Éric Cyr, Le Trait d’union du Nord, Fermont, le 26 décembre 2019
Quiconque a déjà emprunté la fameuse route interprovinciale 389 a déjà aperçu les monts Groulx. Mais admirer leurs sommets enneigés à l’horizon et affronter leur rigueur durant la saison hivernale c’est une tout autre paire de manches. Installé dans une tente de prospecteur avec un poêle de camp, c’est pourtant ce qu’a entrepris le sapeur-pompier professionnel à la retraite, Philippe Guimon, afin de réaliser un rêve qu’il caresse depuis longtemps.

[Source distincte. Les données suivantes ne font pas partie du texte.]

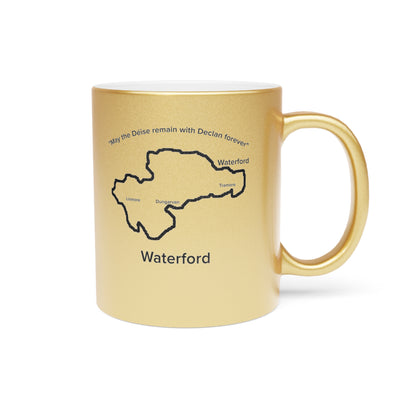 Waterford County Metallic Colour Mug - Silver/Gold - Perfect Gift for Coffee Lovers
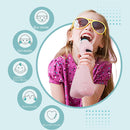Children Bluetooth Microphone Singing Music Toys(Pink)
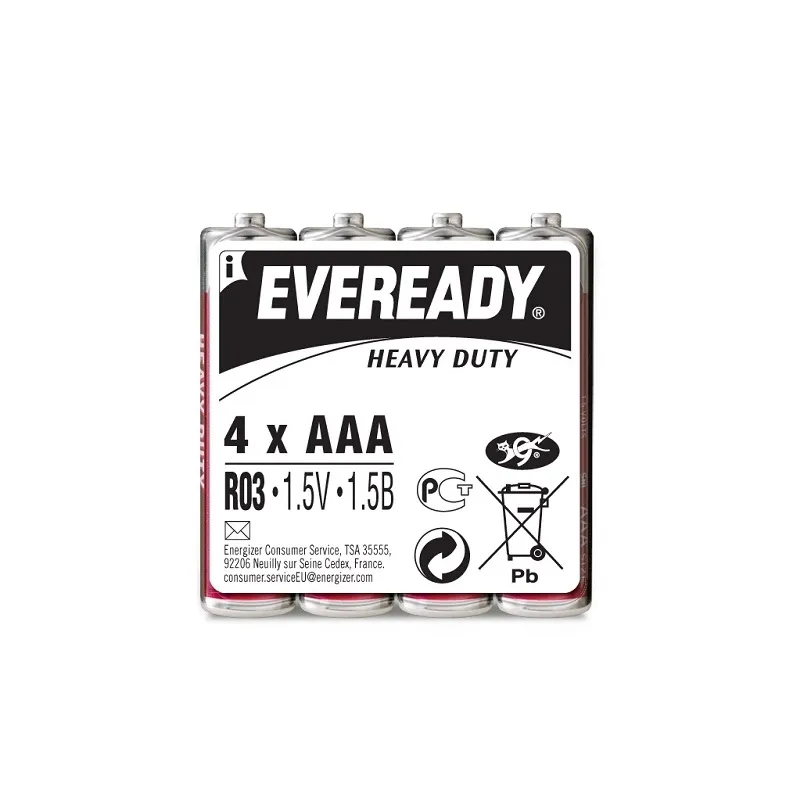 Батарейки соляні ААА Energizer Eveready Heavy Duty AAA R03 уп60шт 7638900269956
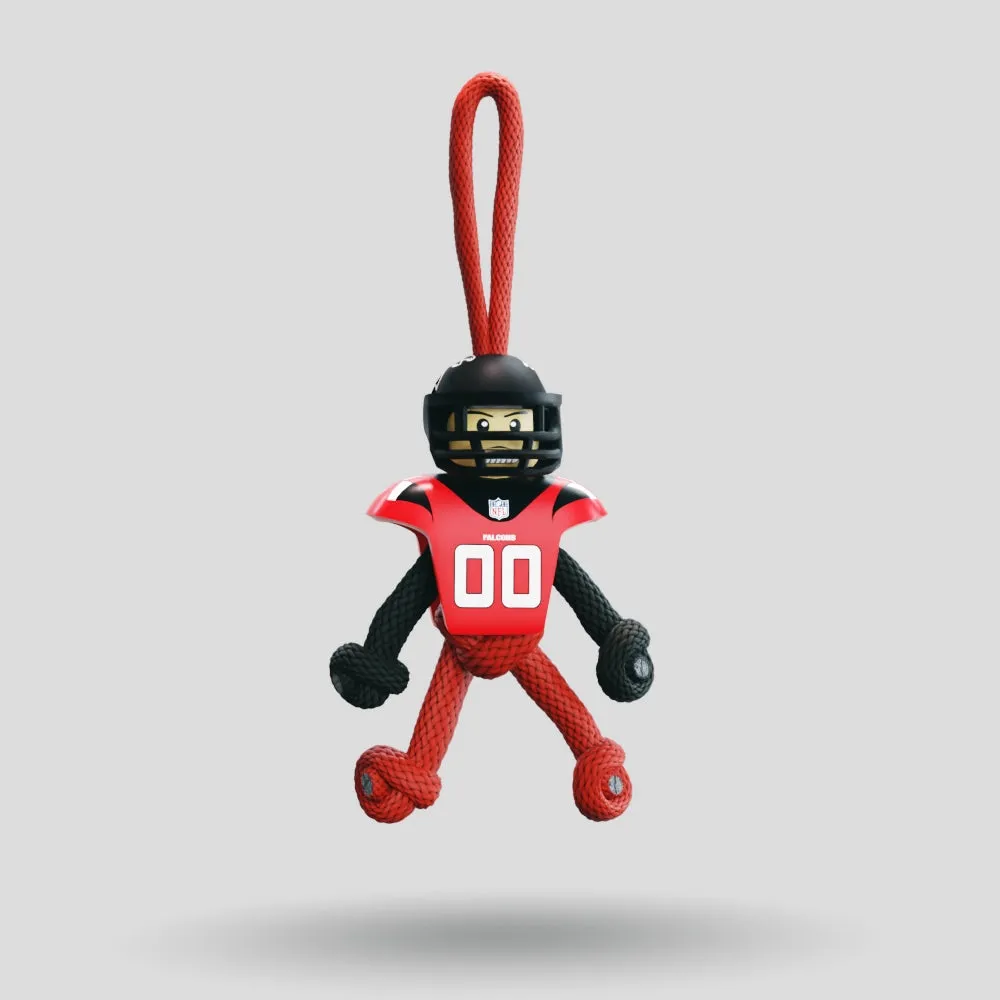Atlanta Falcons Paracord Buddy Keychain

Aux antipodes du pensionné
Aujourd’hui grand-père, l’aventurier français a déjà fait partie d’un régiment d’élite de l’armée de terre française durant son service militaire et d’une escouade de secours spécialisée en plongée souterraine (spéléoplongée). D’ailleurs, il a failli se noyer dans le cadre d’une mission alors qu’il est resté coincé dans une étroiture. Le parcours inusité de l’homme, qui habite sur une île au confluent de la rivière Maine et de la Loire, dernier fleuve sauvage d’Europe, a cependant commencé le jour où sa mère a eu la bonne idée de l’inscrire chez les scouts, point de départ de son amour pour la nature qui a guidé sa vie. Que dire de sa période « baba cool » à l’époque de la révolution culturelle de mai 1968 en France où, après avoir fréquenté l’École d’agriculture, il gardait des moutons de façon idyllique. M. Guimon a conservé la rigueur des pompiers de Paris et n’a pas peur de relever des défis : pèlerinage de Compostelle, tour de l’Hexagone à cheval qui a duré quatre mois, il collectionne les voyages d’exploration comme celui en Alaska, où il est tombé nez à nez avec un ours grizzli qu’il souhaitait photographier sur une plage. Nulle raison d’en douter il porte un gilet de Kodiak Island. Il a aussi visité la seconde plus grande réserve naturelle aux États-Unis après Yellowstone, le parc Denali où il a vu le fameux bus du film Vers l’inconnu (Into the Wild) adapté du récit Voyage au bout de la solitude et a fait face à un loup noir famélique.
Dans les Groulx
M. Guimon, qui a été bien aiguillé par le guide d’aventure, Guy Boudreau, a choisi d’affronter le froid en passant l’hiver dans la solitude de ces hautes montagnes nommées Uapishka par les Innus, ce qui signifie sommets blancs puisqu’ils sont enneigés presque à l’année. Après avoir observé une martre qui dansait autour de son camp et qui s’est mise à courser un lièvre, il a voulu rendre hommage au mustélidé en baptisant sa tente du mot innu-aimun désignant cet animal : wapishtan. Rencontré lors d’un ravitaillement à Fermont, il explique qu’il mène en parallèle une démarche d’écriture où il relate son expérience « Je suis une victime des écrits de Jack London. » Selon lui, sa présence dans l’immensité naturelle des monts Groulx, qu’il considère comme un lieu de ressourcement, se résume un peu à un voyage intérieur en harmonie avec les éléments et l’environnement le tout orienté vers l’essentiel, mais où il met son mental à rude épreuve.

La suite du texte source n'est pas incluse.